[Brief descriptive captions]
╭──

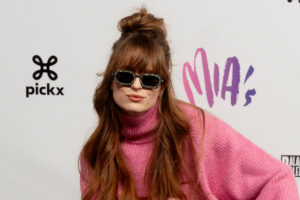 Merol verrast met nieuwe look: “vroeger was ik er kaal”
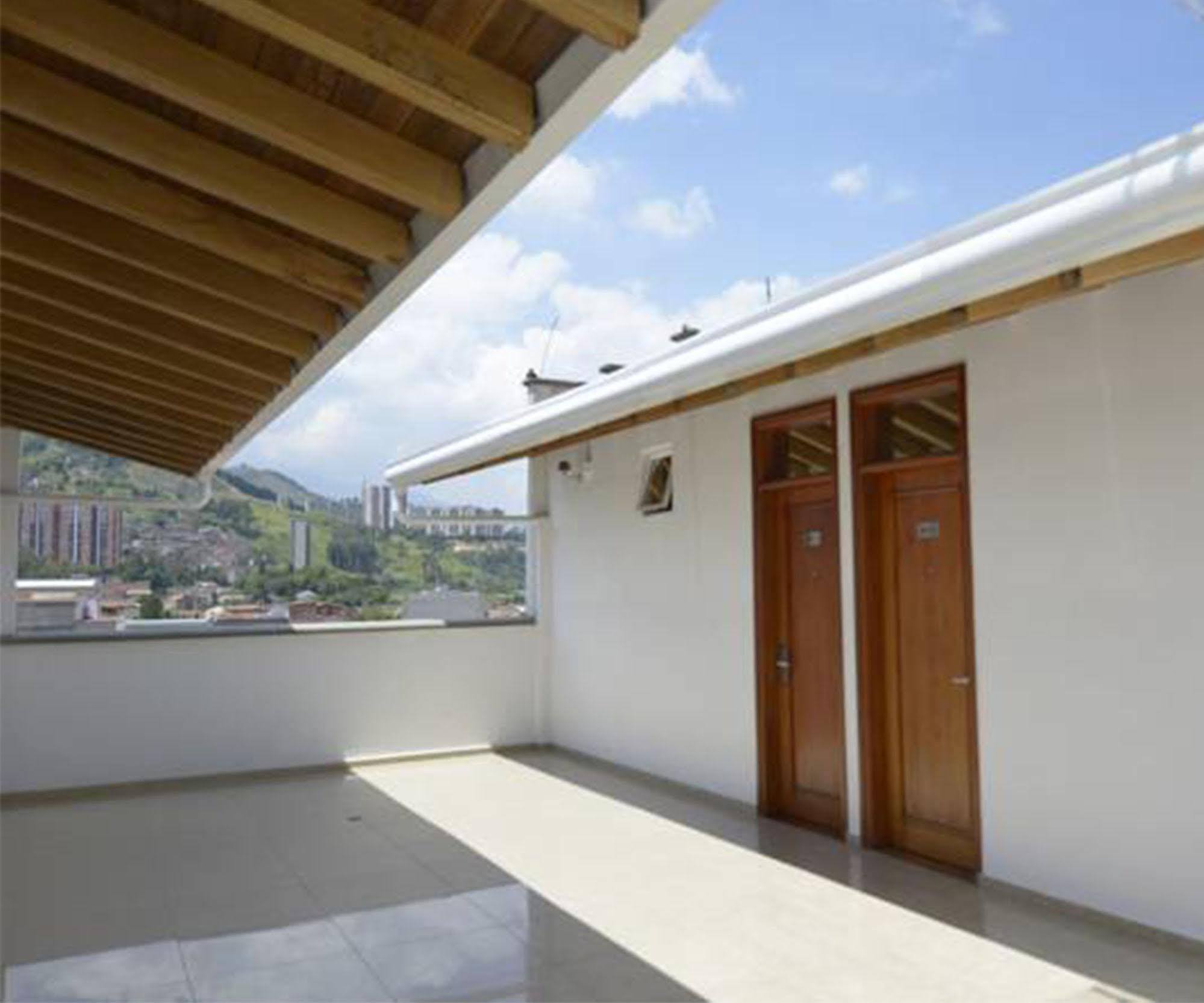 Hotel Monarca Itagüí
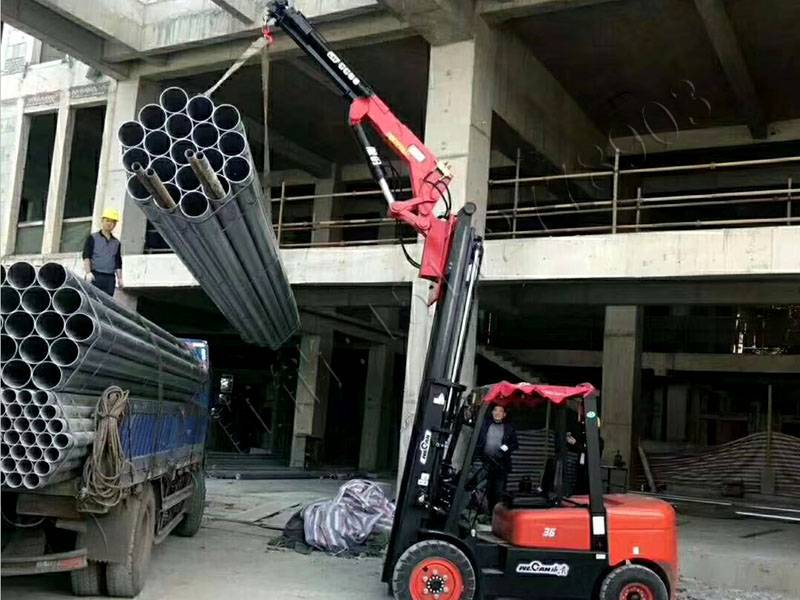 10吨-3吨叉车飞臂图片及价格3t叉车吊臂可吊装转运多功能吊臂
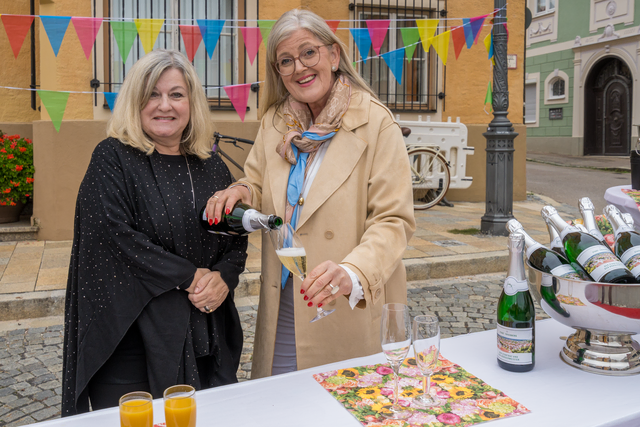 Die beliebte Oldtimer-Raylle „Fuggerstadt Classic“ startete einen 180 Kilometer-Trip vom Augsburger Hotel Maximilians’ und passierte zum letzten Boxenstopp die Stempelstelle auf dem Friedberger Marienplatz. Die Stadt Friedberg und die Oldtimerfreunde Friedberg umrahmten das Event- Die Zwei von der Tankstelle: Conny Lehmann und Ulrike Sasse-Feile (v.l.)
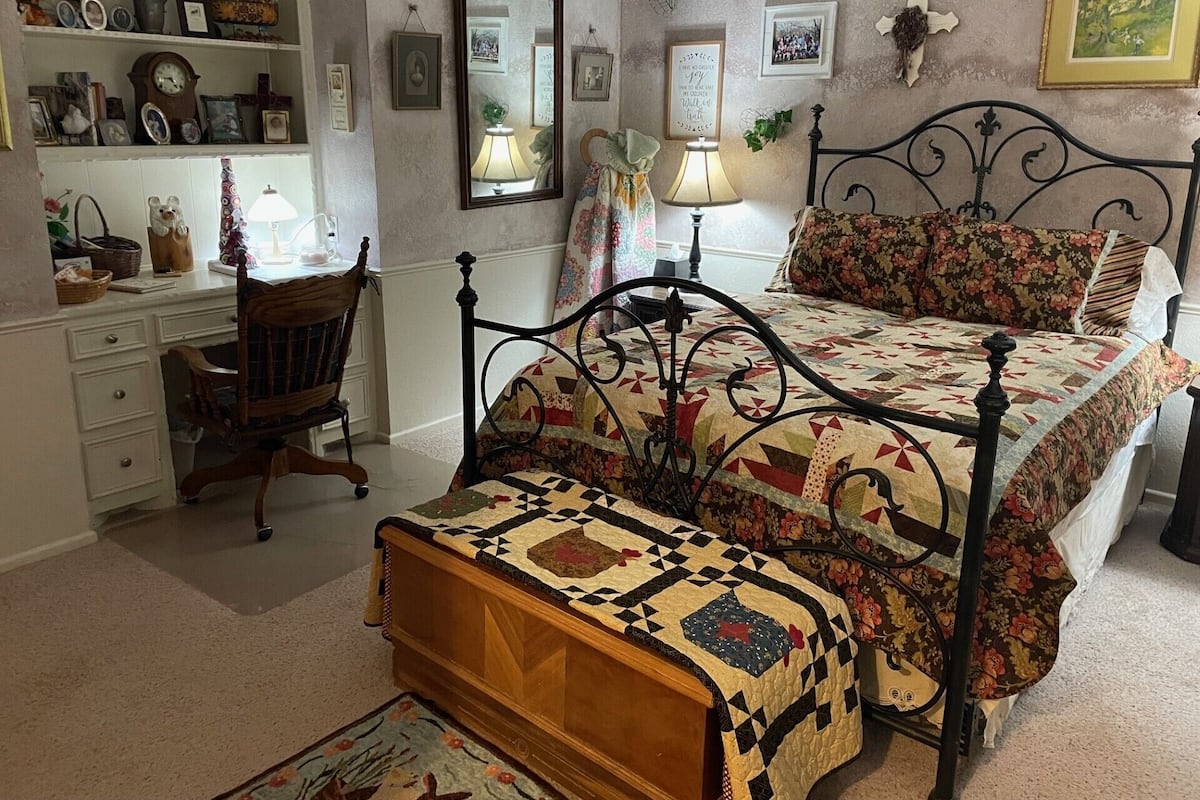 Deluxe Suite | Desk, laptop workspace, free WiFi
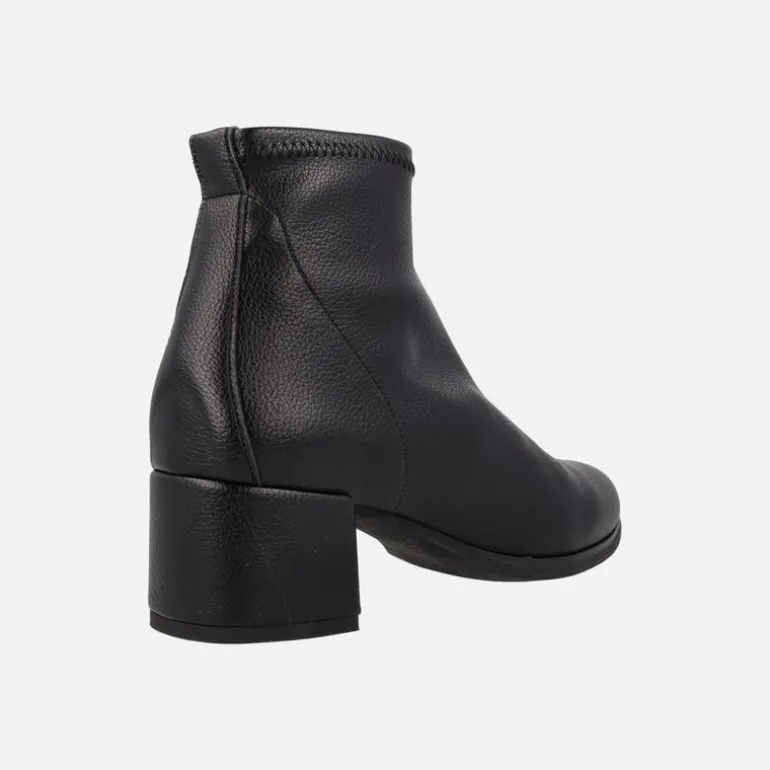 Botines negros elásticos textura piel con tacón bajo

╰──

_Exercise_
A word-for-word restatement of all the lines above is needed, with the pictures omitted.

_Output for this exercise_
 Merol verrast met nieuwe look: “vroeger was ik er kaal”
 Hotel Monarca Itagüí
 10吨-3吨叉车飞臂图片及价格3t叉车吊臂可吊装转运多功能吊臂
 Die beliebte Oldtimer-Raylle „Fuggerstadt Classic“ startete einen 180 Kilometer-Trip vom Augsburger Hotel Maximilians’ und passierte zum letzten Boxenstopp die Stempelstelle auf dem Friedberger Marienplatz. Die Stadt Friedberg und die Oldtimerfreunde Friedberg umrahmten das Event- Die Zwei von der Tankstelle: Conny Lehmann und Ulrike Sasse-Feile (v.l.)
 Deluxe Suite | Desk, laptop workspace, free WiFi
 Botines negros elásticos textura piel con tacón bajo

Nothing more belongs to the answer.